Spending her day-job as an architect, CBA allows Lani to touch a different part of her passion, allowing her to do so much more in the musical world to be effective – aside from just designing community media centers.
Chatting with Lani amid the hustle and bustle of the holiday season, she shares her love for bluegrass and her hopes for the California Bluegrass Association.
- The Bluegrass Standard (BGS): How do you feel bluegrass music resonates with fans?
Lani Way (LW): I think that it’s so wonderful. It’s growing and changing, and we’ve been watching it resonate with a greater view of people. The broader definition of bluegrass today is that in bluegrass, the people playing bluegrass are listening to bluegrass.

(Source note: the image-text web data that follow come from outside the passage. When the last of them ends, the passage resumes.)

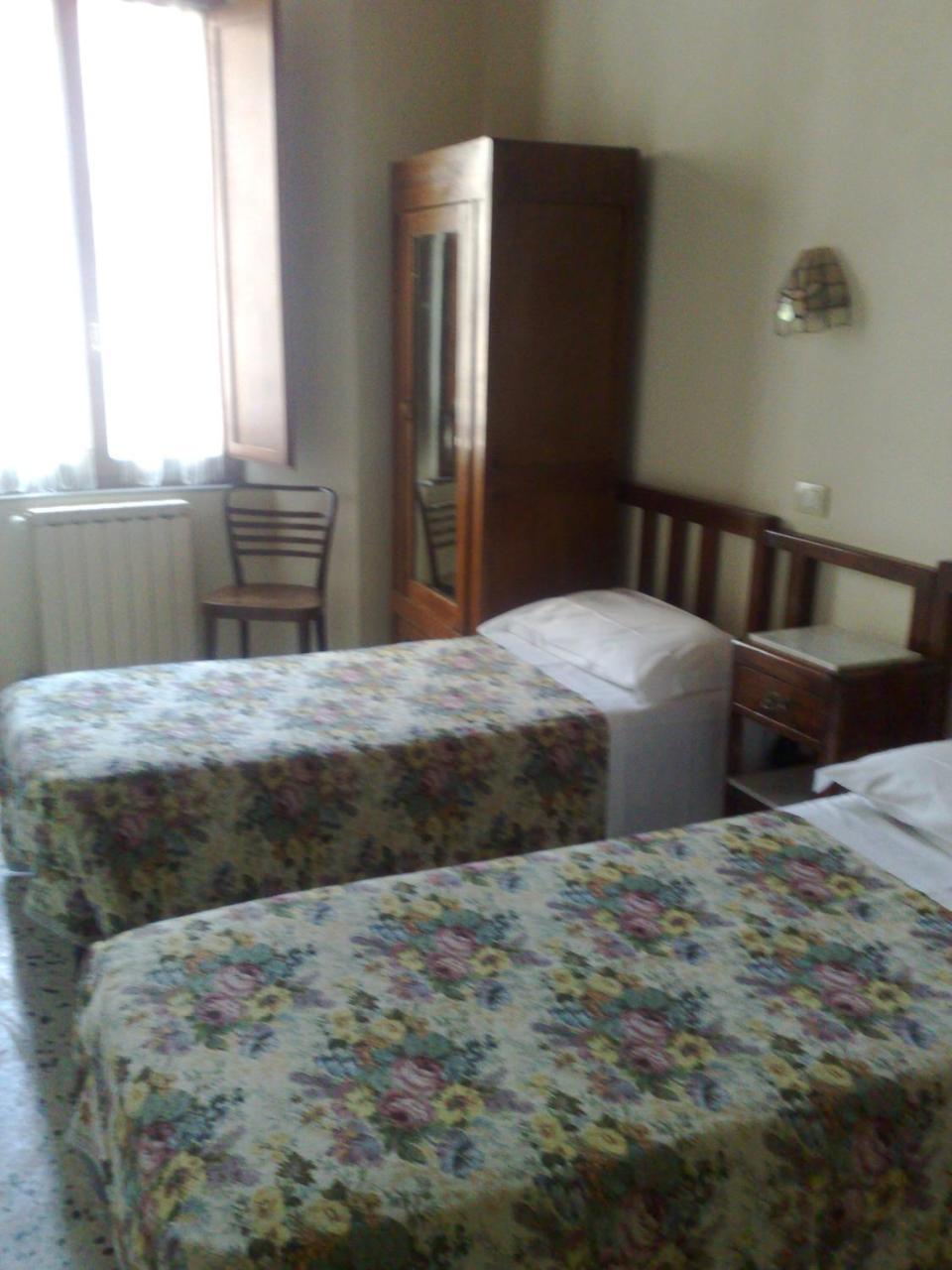 Albergo Locanda Garibaldi Siena Luaran gambar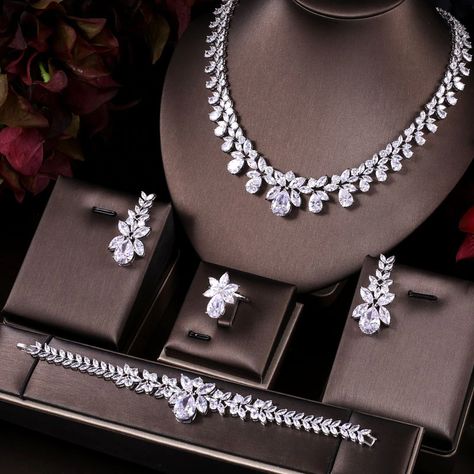 Jewellery Set Bridal, Jewelry For Bride, Luxury Diamond Jewelry, Fancy Jewellery Designs, Diamond Necklace Designs, Ring Crystal, Gold Jewelry Sets, Diamond Jewelry Necklace, Diamond Jewelry Designs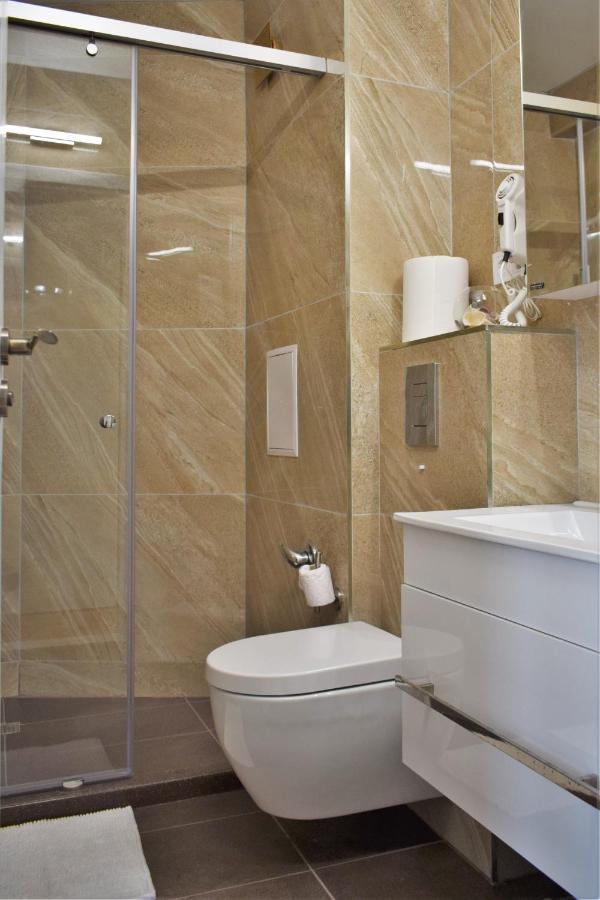 Top Center Apartment Gramophone With Private Parking Burgas Stad Buitenkant foto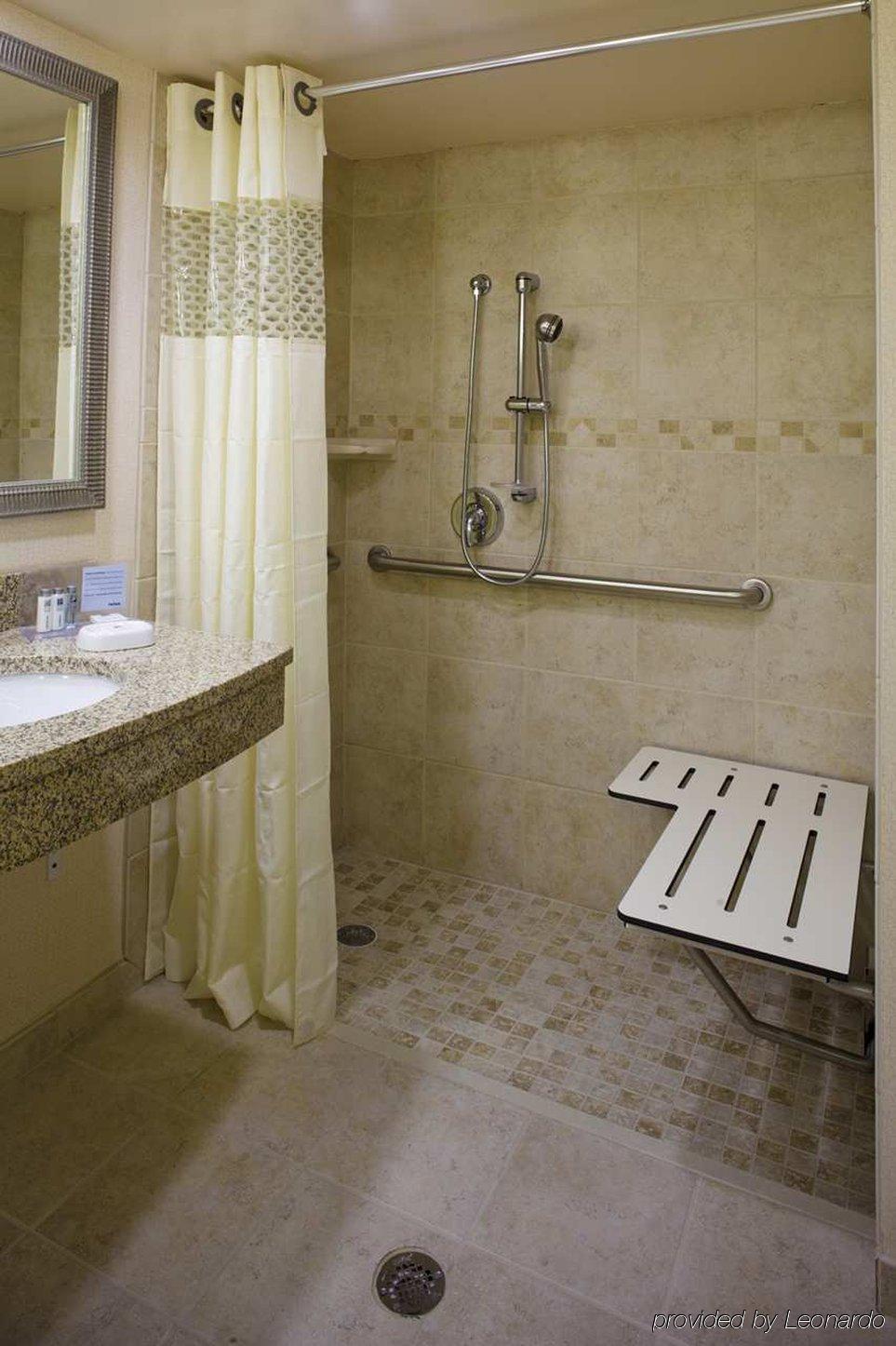 Hampton Inn Asheville - Biltmore Area الغرفة الصورة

- BGS: What got you involved in the California Bluegrass Association?
LW: I’ve just been around for a long time, and I’ve been reaping the benefits of CBA. My daughter going off to college allowed me to have time. Starting the diversity committee has been important. If bluegrass is going to be loved as an art form, we need to expand it. We need to make people included, and that will allow bluegrass to have more listeners and fans. We have to open our doors to a diverse population and provide a safe space for all to participate in the music. We need to promise to listen and learn and improve. That’s one of the things I wanted to bring to bluegrass.
I may even be one of the first non-Caucasion board members in the CBA. In the 1980s when I attended my first bluegrass festival, it was even less diverse than now. I had a moment to pause, wondering if I was okay and welcome. Of course, I was, but I don’t want people to have to wonder. I think being more proactive will bring more fans into the community. There are people more talented than I am that can help make that happen. Bluegrass Pride grew out of the CBA before they were on their own as well.

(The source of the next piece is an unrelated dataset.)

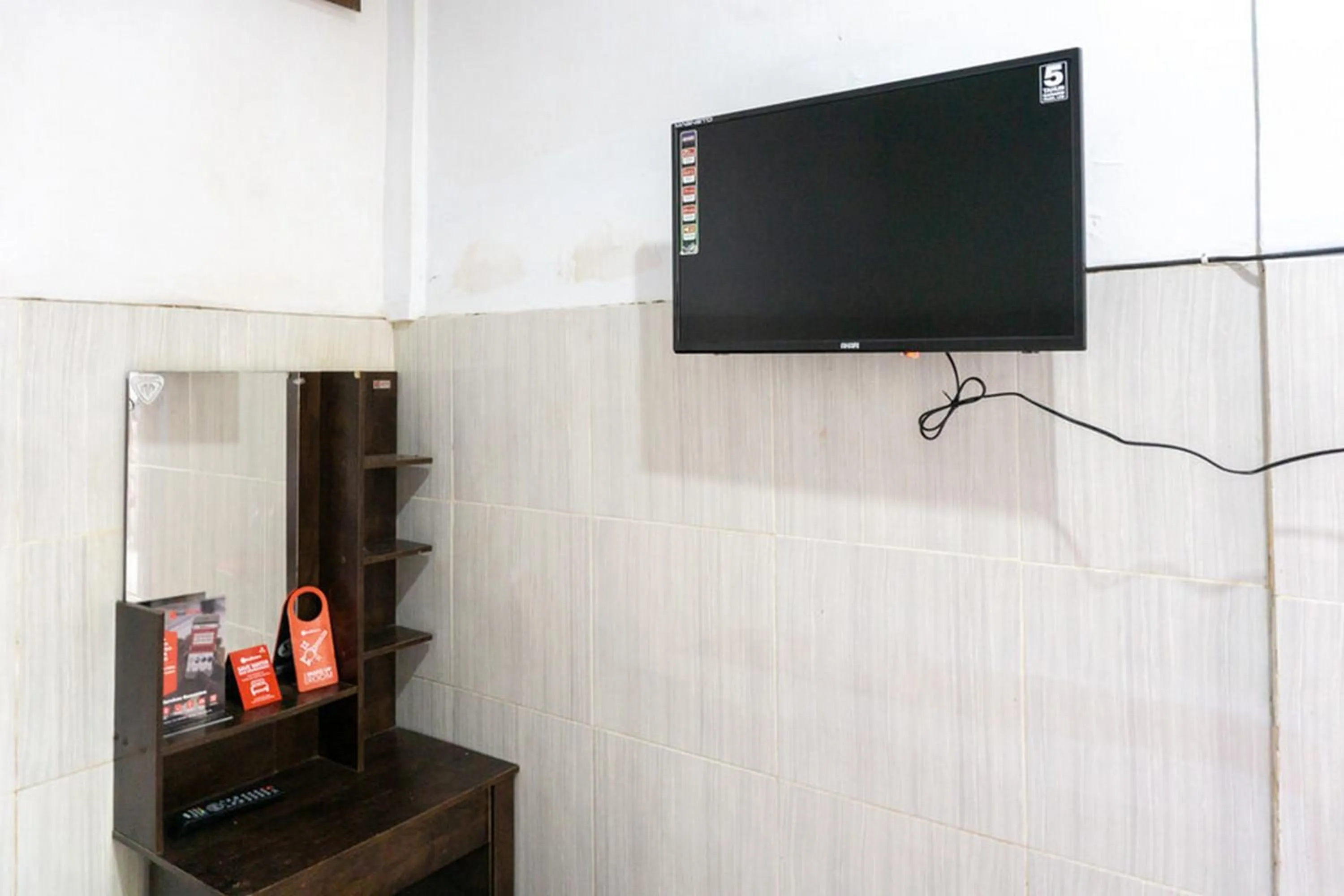 RedDoorz @ Hotel Surabaya Sumenep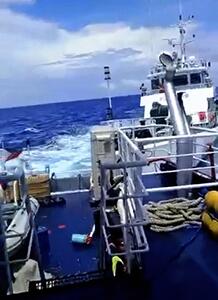 中国海警局の船、フィリピン漁業水産資源局の船に体当たり…沿岸警備隊「乗組員の生命を危険にさらした」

Along with CBA, I was first asked to join the IBMA host team. With IBMA, I get to see the bluegrass world at large. Last year, I became coordinator after Lucy Smith retired. In the past, we would rent a suite and have a party. It was a wonderful place to gather and listen to acoustic music. There were intimate sessions, jamming with others. It became so crowded that it became unsafe for us and the hotel where we hosted it. Last year, it was moved to a ballroom, and it went really well. Everyone could see and hear. We were even able to be on the convention floor for the first time, and people were still saying they didn’t know bluegrass was a thing in California. I’ve even talked to Keith with The Bluegrass Standard about combining showcase days at IBMA. IBMA is rewarding, and I love to see it in the industry at a larger level.
- BGS: What about bluegrass music moves you?

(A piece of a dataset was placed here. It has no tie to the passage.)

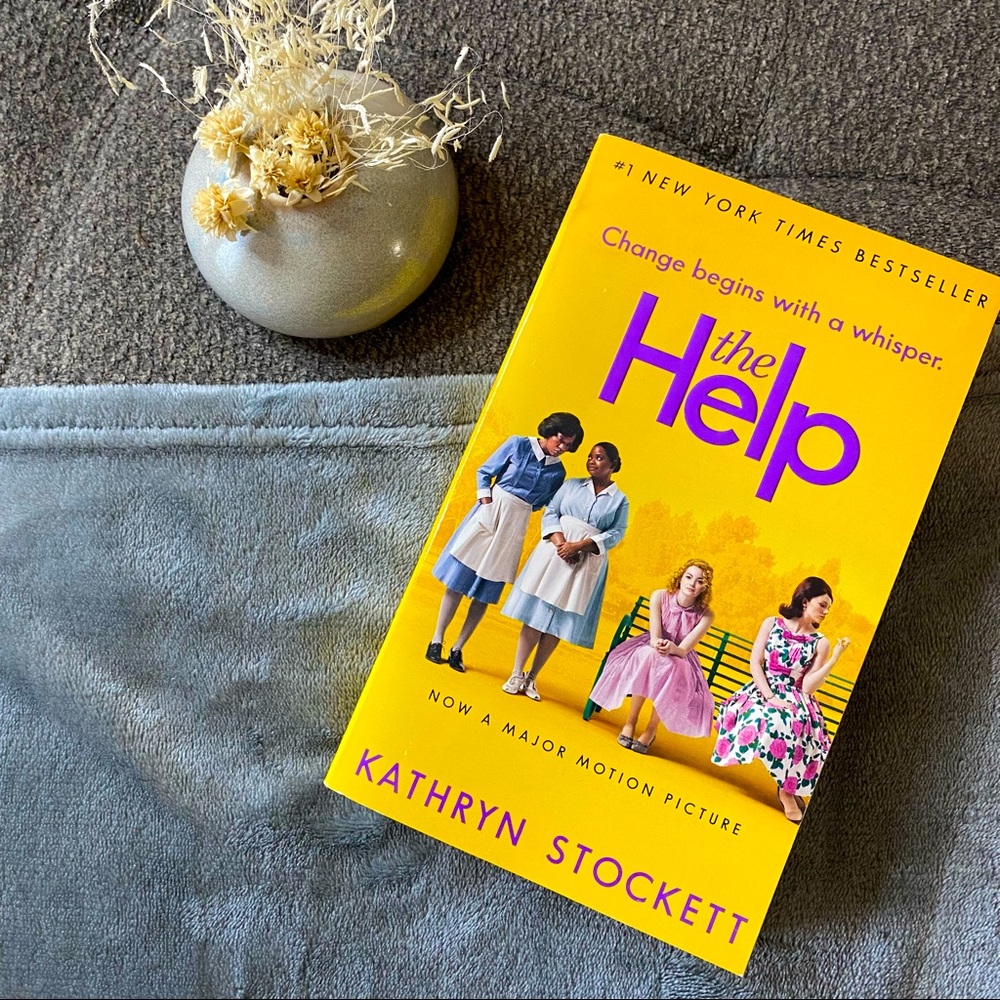 The Help Softcover Novel by Kathryn Stockett. Excellent Used Condition!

LW: I think maybe now it’s because I know the people and their stories in a deeper way. It feels like a deeper community. I feel like I know who they are, even if I don’t know them personally. It feels so reachable. It soothes my soul to see people grow and change. For the first time, I’ve had the opportunity to watch people grow in their music. I watched Molly Tuttle sing her first song and many others like Crying Uncle. I feel like we literally watch families grow up in bluegrass music. It feels like a bluegrass family.
- BGS: Who are you listening to these days?
LW: At the moment, I’m listening to Jake Blount, Justin Hiltner, and Molly Tuttle. I really enjoy listening to people with diverse backgrounds.
- BGS: As a woman, what has been your biggest career accomplishments?
LW: In that way, I think I’m at the beginning. There are people out there that have been in the industry for years that are really pushing things forward. There are smart, brilliant women that mentor me. I have a lot to learn from some of the young people in the industry and those that have been around for a while.
- BGS: What is your goal in the music industry and with CBA?
LW: I want to grow the music and performers. We at CBA are also working on diversity in the music and the performers. I believe that will help us grow the music even more.